The GST council headed by finance minister Arun Jaitley will meet today on a two-day session to look into the draft bill that deals with levying goods and services tax in union territories and, probably, finalise the draft for the final goods and services tax bill to be tabled in Parliament.
The council has approved two other draft bills - central GST and integrated GST and another one on possible compensation to the states is ready.
The two main bills aim to create a state-wise single registration for a taxpayer for filing returns, paying taxes and to fulfil other compliance requirements.
Most of the requirements would be fulfilled online leaving very little room for physical interface between the taxpayer and taxman.
The bills have incorporated an ''anti-profiteering'' provision to ensure that the reduction of tax incidence is passed on to the consumers. Farmers, however, have been kept out of the GST regime altogether.
The government plans to roll out the GST from 1 July after missing many deadlines.
The ruling BJP has issued a three-line whip, asking its members to be present in Parliament for the next three days of the second half of the budget session, hinting at the probability of introduction of the crucial GST bills in Parliament.
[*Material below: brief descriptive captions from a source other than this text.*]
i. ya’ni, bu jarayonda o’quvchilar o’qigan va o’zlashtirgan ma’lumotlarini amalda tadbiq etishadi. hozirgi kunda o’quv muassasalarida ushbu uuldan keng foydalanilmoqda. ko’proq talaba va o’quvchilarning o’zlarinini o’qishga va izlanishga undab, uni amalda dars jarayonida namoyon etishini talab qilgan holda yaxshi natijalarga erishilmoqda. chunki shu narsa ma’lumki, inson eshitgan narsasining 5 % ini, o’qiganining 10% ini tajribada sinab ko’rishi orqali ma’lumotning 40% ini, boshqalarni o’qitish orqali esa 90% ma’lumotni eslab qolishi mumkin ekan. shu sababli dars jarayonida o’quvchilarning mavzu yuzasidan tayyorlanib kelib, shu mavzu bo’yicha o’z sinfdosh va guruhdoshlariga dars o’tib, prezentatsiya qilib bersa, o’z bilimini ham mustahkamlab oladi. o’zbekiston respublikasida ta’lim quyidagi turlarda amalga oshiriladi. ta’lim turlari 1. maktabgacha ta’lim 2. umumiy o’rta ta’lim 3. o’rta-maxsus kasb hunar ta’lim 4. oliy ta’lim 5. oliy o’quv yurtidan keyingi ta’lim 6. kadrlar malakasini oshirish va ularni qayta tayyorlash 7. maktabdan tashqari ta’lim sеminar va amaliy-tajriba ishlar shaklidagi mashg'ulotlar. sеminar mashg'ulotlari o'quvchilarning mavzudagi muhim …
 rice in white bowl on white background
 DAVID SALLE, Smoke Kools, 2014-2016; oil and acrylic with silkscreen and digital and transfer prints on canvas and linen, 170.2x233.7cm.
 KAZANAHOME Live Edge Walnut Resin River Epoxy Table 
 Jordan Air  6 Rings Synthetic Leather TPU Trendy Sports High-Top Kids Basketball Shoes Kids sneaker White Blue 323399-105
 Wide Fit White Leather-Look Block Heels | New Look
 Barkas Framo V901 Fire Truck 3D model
The GST is designed to unify India into a single market, shore up tax revenues and accelerate economic growth by at least 2 percentage points in the medium term.
Government sources said the GST legislation is likely to be taken up as money bills during the budget session, which restarted on 9 March after a month-long recess.
Money bills can't be rejected by the Rajya Sabha, where the ruling BJP in in a minority.
The proposed GST will have four tax slabs. Farmers and small traders are exempt.
The GST council has broadly approved the four-slab structure of 5 per cent, 12 per cent, 18 per cent and 28 per cent. But some items that have a negative impact on health and society will be charged at a higher rate.